When analyzing mouse RNA seq data in the same manner, they noticed that gene expression changed randomly. There seemed to be no noticeable pattern of what genes were affected. Naked mole rats, on the other hand, are organized. Instead of randomly affecting genes, radiation of NMR cells caused regulation changes in whole genetic pathways, and in pathways that are vital to cell-cycle arrest and metabolic functions, among others.

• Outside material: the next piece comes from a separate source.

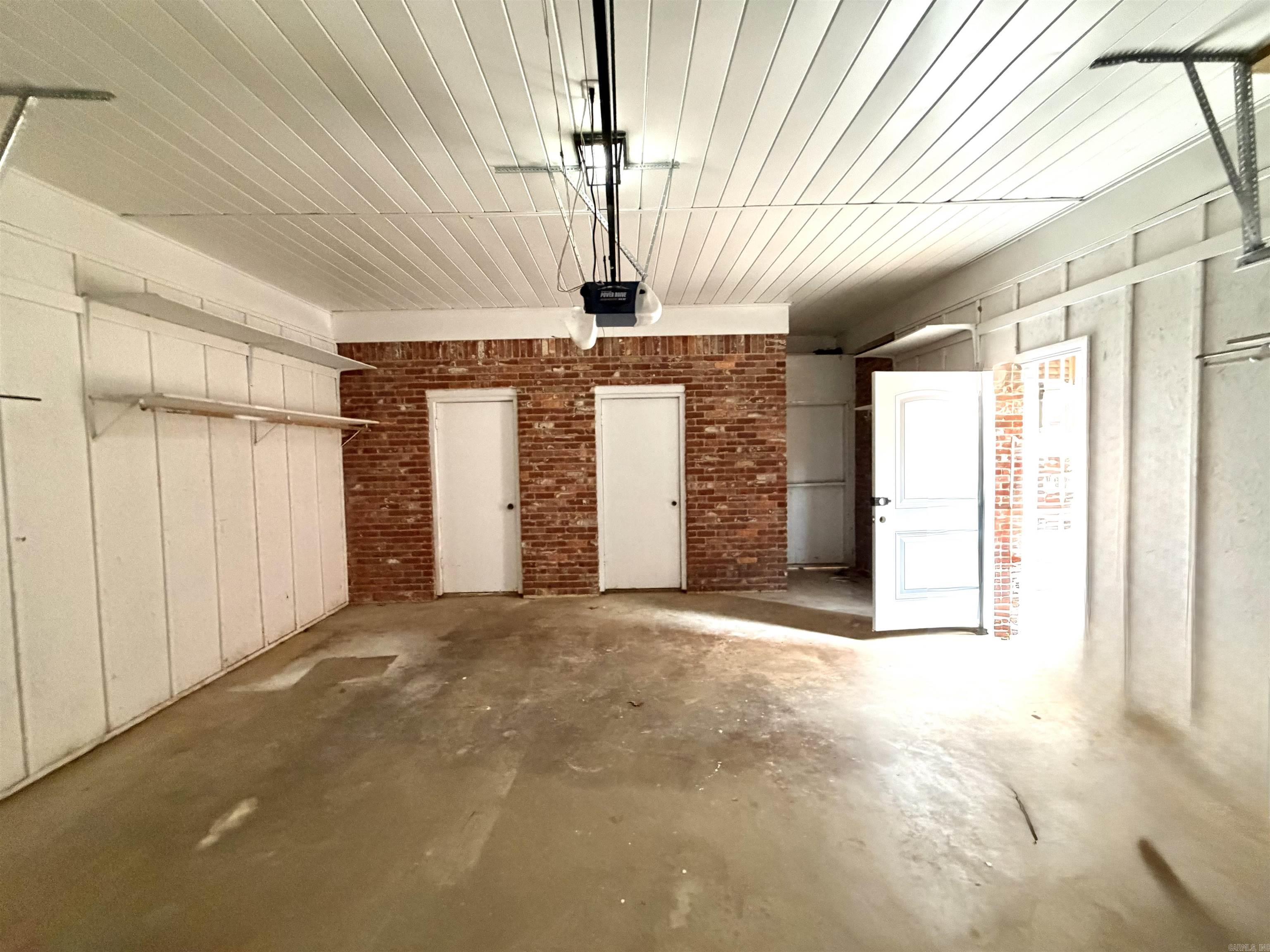 4804 N Locust Street Property Photo 43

Essentially, naked mole rats have all the protection of senescence upon DNA damage, but they vastly reduce the negative side effects and better halt the growth of damaged cells.

Theron Trowbridge / Flickr

This study raises a lot of potentially interesting and important questions. Why do NMR senescent cells not die, even with high levels of damage? How is the genetic regulation more organized in these cells? If we can start to answer these questions, naked mole rats could help us develop preventative therapies in cancer research.

Let me end on this final, important point: naked mole rats are incredibly strange animals, and we are just beginning to realize how unusual their biology truly is. NMRs don’t appear to feel any pain, a result of them missing an important neurotransmitter that transmits pain signals to the brain. These animals can survive without oxygen for up to 18 minutes, with absolutely no harmful side effects, by switching their metabolism to rely on energy created from fructose (a process that can be done without oxygen), instead of glucose (which requires oxygen to break down into energy we can use). 

In case that isn’t amazing enough, breaking down fructose causes high levels of acid to accumulate in the body, which naked mole rats tolerate – how, we don't yet know. These wrinkly living sausages are so different from us that they could reveal secrets into natural cancer resistance, which we could use to make our own cancer prevention therapies. This study into senescence is just the beginning.